28 min episode · 2 min read
·
Bill Maris

Episode

28 min

Read time

2 min

Topics

Investing, Startups, Fundraising & VC

AI-Generated Summary

Key Takeaways

  • Small Fund Math: Funds under $750M return an average 4.76x versus 2.42x for funds over $1B, and represent 95% of top decile performers. A $7B fund mathematically requires $210B in exits to hit 3x — exceeding total annual venture-backed IPO and M&A exit value in most years, making large funds structurally disadvantaged.
  • Google's AI Weapon: If Google cuts token pricing by 80%, OpenAI and Anthropic face existential margin compression. Enterprises would migrate to cheaper, functionally identical Gemini products, collapsing competitor revenue models. Maris argues this is the rational move for Google, using capital as a weapon to capture enterprise and consumer install base.
  • AI Infrastructure Over Models: Rather than betting on larger foundation models, invest in the picks-and-shovels layer — physics engines, controllers, memory systems, and session-consistency platforms. Just as better games required GPUs and controllers rather than better storylines, AI's leap from Atari to PlayStation requires platform infrastructure, not just model scaling.
  • Broken VC Incentive Structure: A $5B fund returning 1.01x lands in the 75th percentile and still raises its next fund, while the GP earns more in fees than a $500M fund returning 3x.
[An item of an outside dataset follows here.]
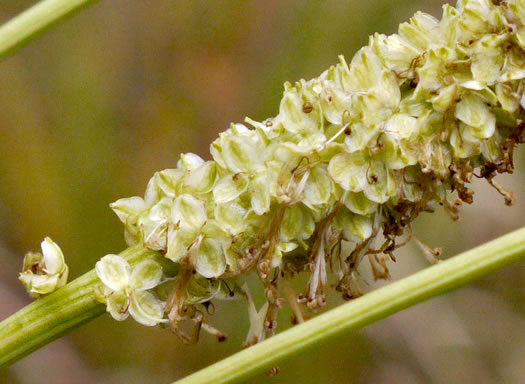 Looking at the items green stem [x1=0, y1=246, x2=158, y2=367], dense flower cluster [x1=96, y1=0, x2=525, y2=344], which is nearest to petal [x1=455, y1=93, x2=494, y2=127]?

This misalignment inflates valuations — large funds offer $250M at $4B valuations to deploy capital, distorting early-stage price discovery for founders.
  • Biotech Acceleration Ceiling: Computational biology is the tractable life sciences bet, not therapeutic drug development requiring human clinical trials. Even with AI-accelerated compound discovery, FDA safety requirements mean lab breakthroughs represent roughly 5% of total work. Full acceleration requires a realistic in-silico human cell simulation, which Maris says has not yet been achieved.

What It Covers

Bill Maris, founder of Google Ventures and Section 32, shares four lessons from building a $150M fund, arguing that small funds under $750M structurally outperform large ones, AI remains at an early "Atari stage," and Google holds the power to crush competitors through aggressive token price cuts.

Key Questions Answered

  • Small Fund Math: Funds under $750M return an average 4.76x versus 2.42x for funds over $1B, and represent 95% of top decile performers. A $7B fund mathematically requires $210B in exits to hit 3x — exceeding total annual venture-backed IPO and M&A exit value in most years, making large funds structurally disadvantaged.
  • Google's AI Weapon: If Google cuts token pricing by 80%, OpenAI and Anthropic face existential margin compression. Enterprises would migrate to cheaper, functionally identical Gemini products, collapsing competitor revenue models. Maris argues this is the rational move for Google, using capital as a weapon to capture enterprise and consumer install base.
  • AI Infrastructure Over Models: Rather than betting on larger foundation models, invest in the picks-and-shovels layer — physics engines, controllers, memory systems, and session-consistency platforms. Just as better games required GPUs and controllers rather than better storylines, AI's leap from Atari to PlayStation requires platform infrastructure, not just model scaling.
  • Broken VC Incentive Structure: A $5B fund returning 1.01x lands in the 75th percentile and still raises its next fund, while the GP earns more in fees than a $500M fund returning 3x. This misalignment inflates valuations — large funds offer $250M at $4B valuations to deploy capital, distorting early-stage price discovery for founders.
  • Biotech Acceleration Ceiling: Computational biology is the tractable life sciences bet, not therapeutic drug development requiring human clinical trials. Even with AI-accelerated compound discovery, FDA safety requirements mean lab breakthroughs represent roughly 5% of total work. Full acceleration requires a realistic in-silico human cell simulation, which Maris says has not yet been achieved.

Notable Moment

Maris argued that late-stage AI companies staying private longer effectively forces overpriced shares onto retail investors through passive 401k funds and ETFs — transferring wealth upward while founders and early investors capture the bulk of the value curve before public market entry.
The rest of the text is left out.